**Try it:**
Print the listing exactly as it stands, and skip any pictures in it.

★ ★ ★ ★

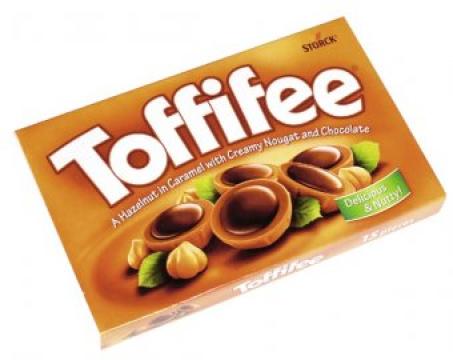 Praline ciocolata Toffifee 125g de la Supermarket Pentru Tine Srl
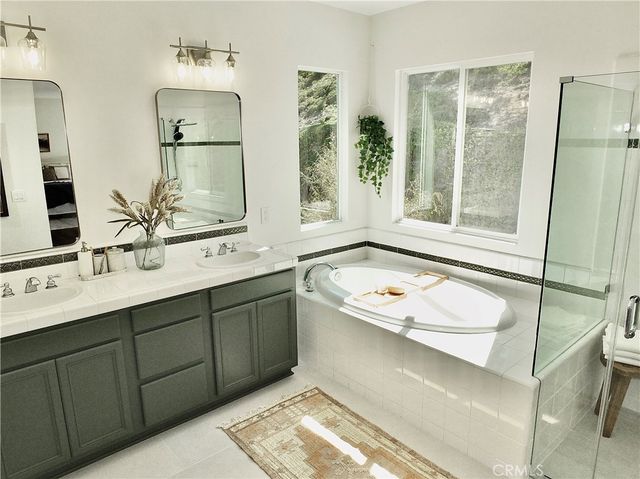 2471 Amelia Court, Signal Hill, CA 90755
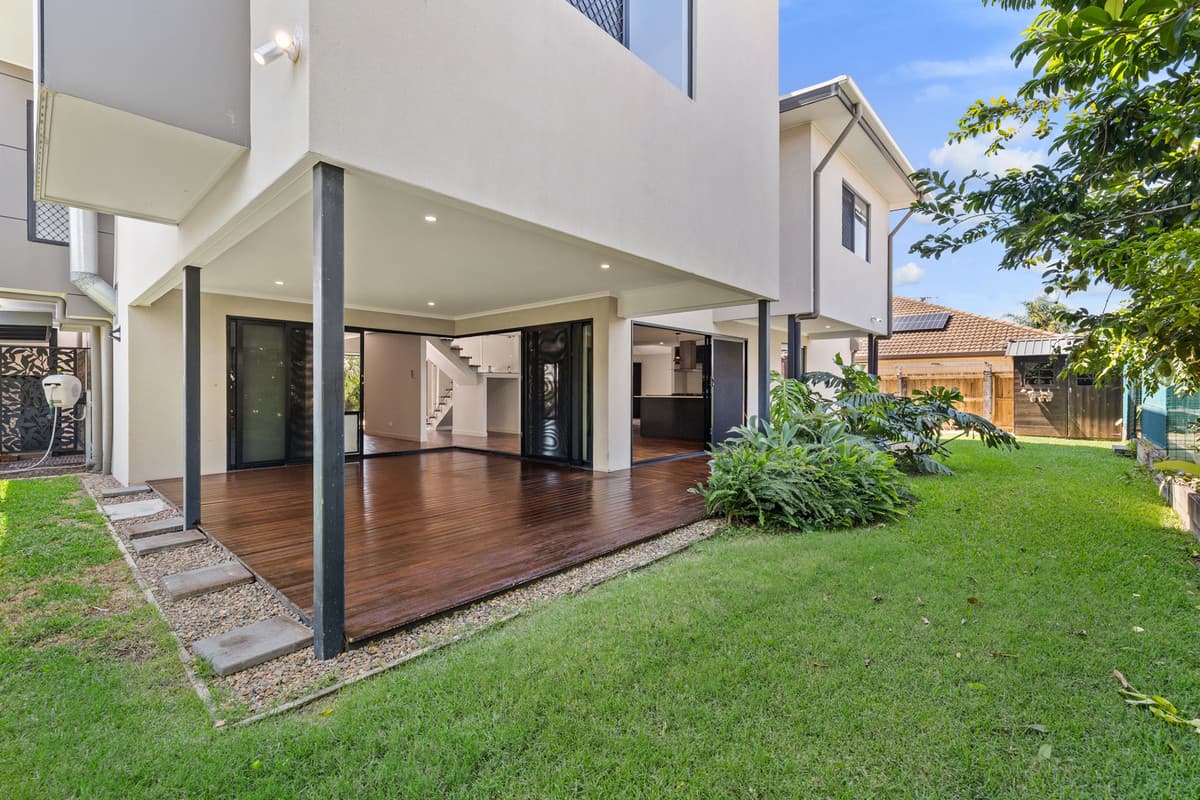 3 Lois Place, Redland Bay - Image 1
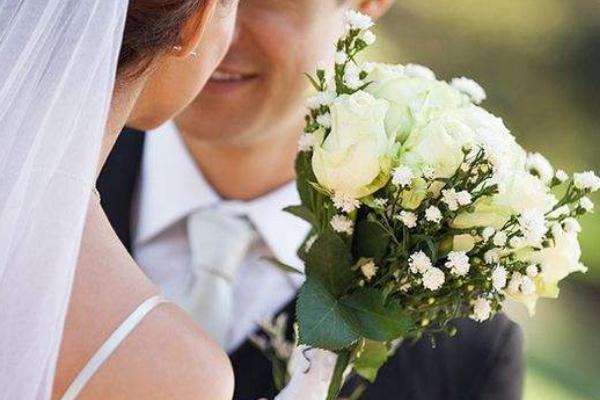 結(jié)婚扔捧花什么意思 新娘扔捧花瞬間6位伴娘都避開 結(jié)婚扔捧花什么意思 新娘扔捧花瞬間6位伴娘都避開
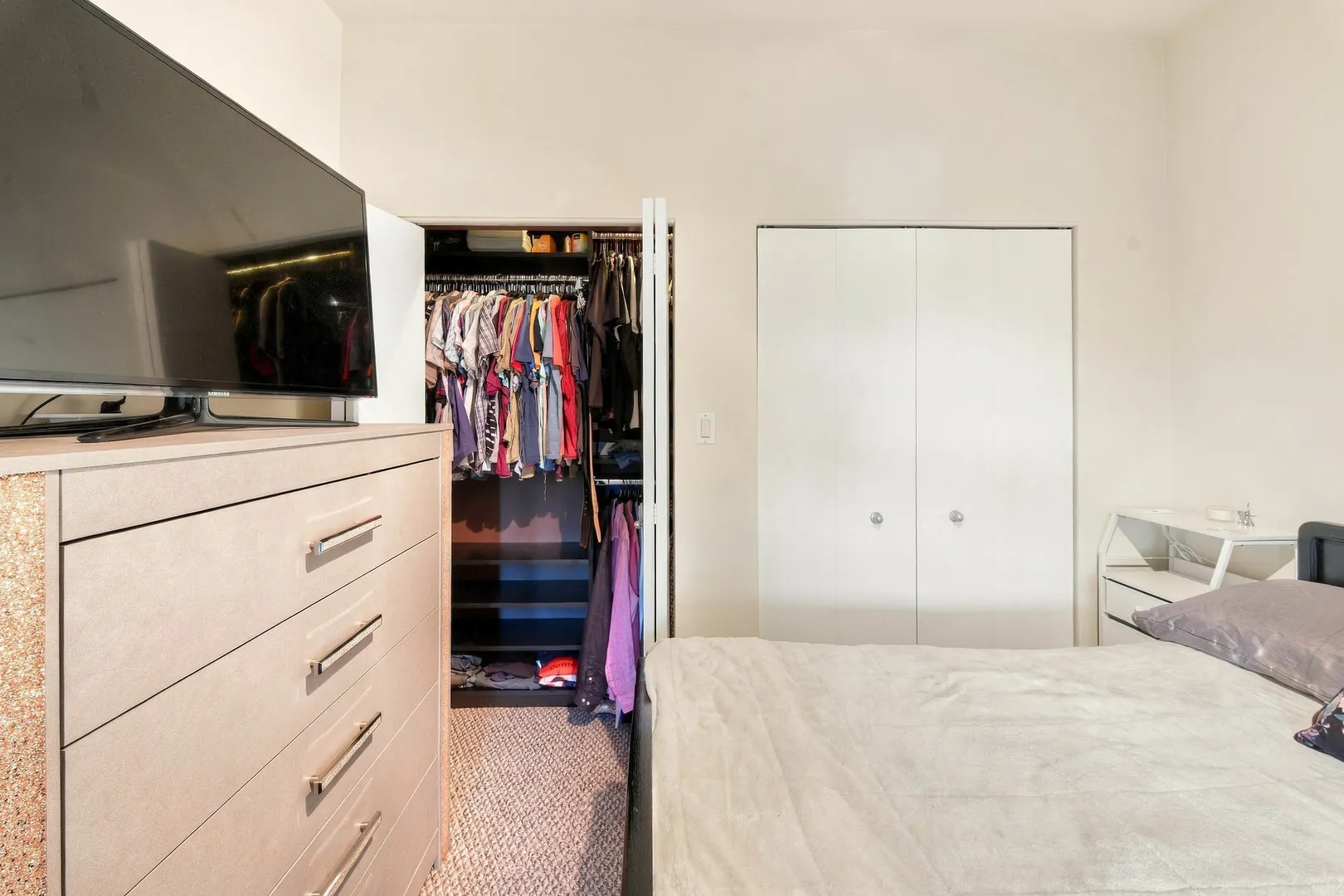 2510 W Irving Park Road IL #306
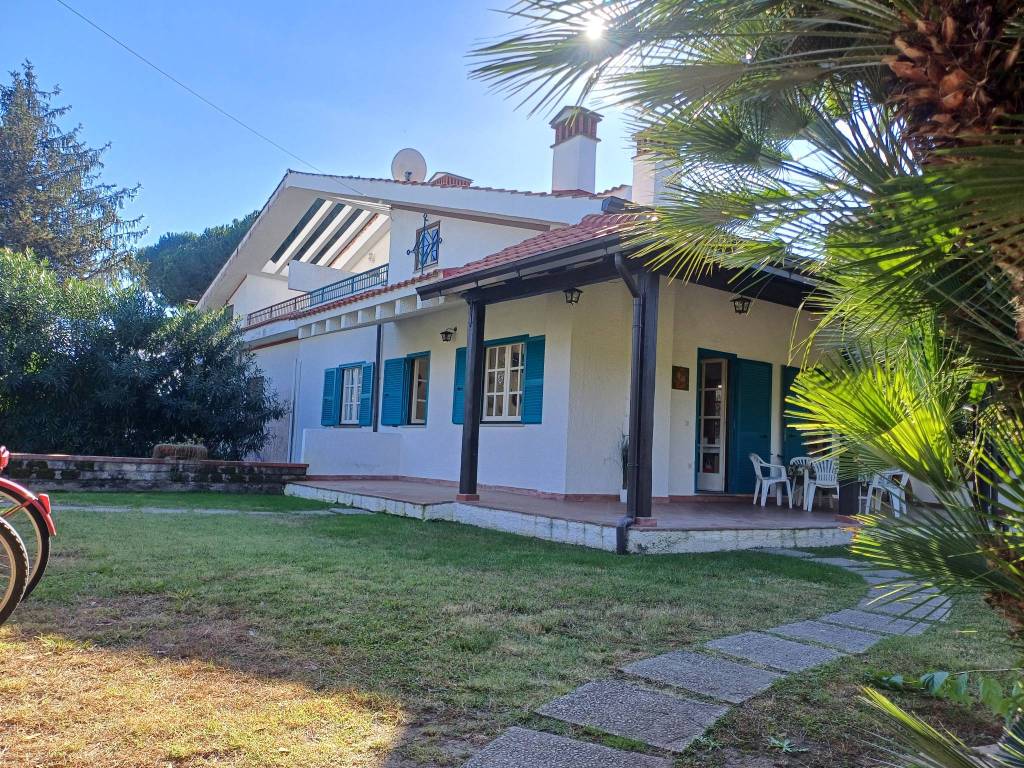 Villa a San felice circeo in Via Terracina - Foto 4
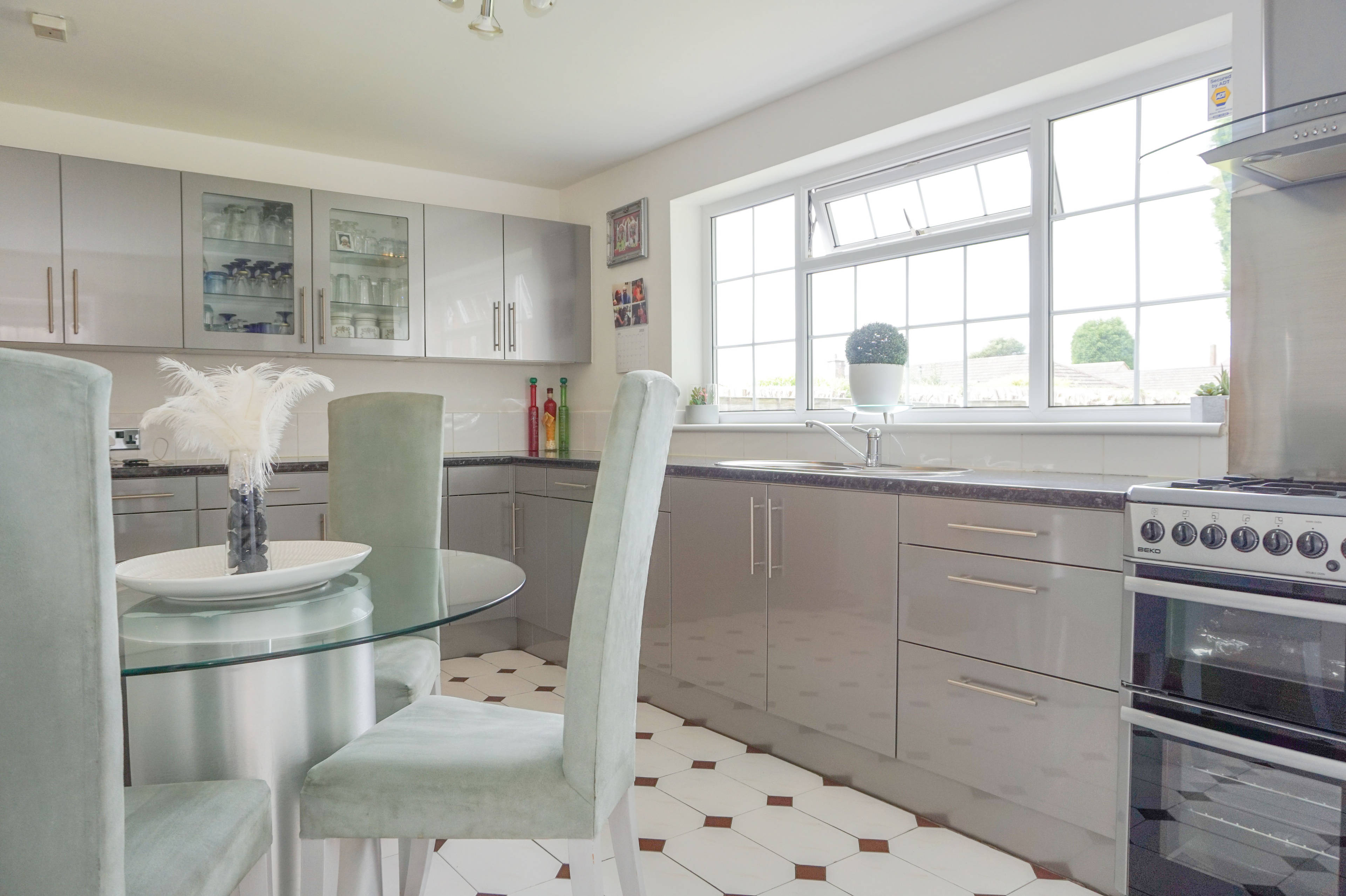 Kitchen/Breakfast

★ ★ ★ ★

**Exercise result:**
 Praline ciocolata Toffifee 125g de la Supermarket Pentru Tine Srl
 2471 Amelia Court, Signal Hill, CA 90755
 3 Lois Place, Redland Bay - Image 1
 結(jié)婚扔捧花什么意思 新娘扔捧花瞬間6位伴娘都避開 結(jié)婚扔捧花什么意思 新娘扔捧花瞬間6位伴娘都避開
 2510 W Irving Park Road IL #306
 Villa a San felice circeo in Via Terracina - Foto 4
 Kitchen/Breakfast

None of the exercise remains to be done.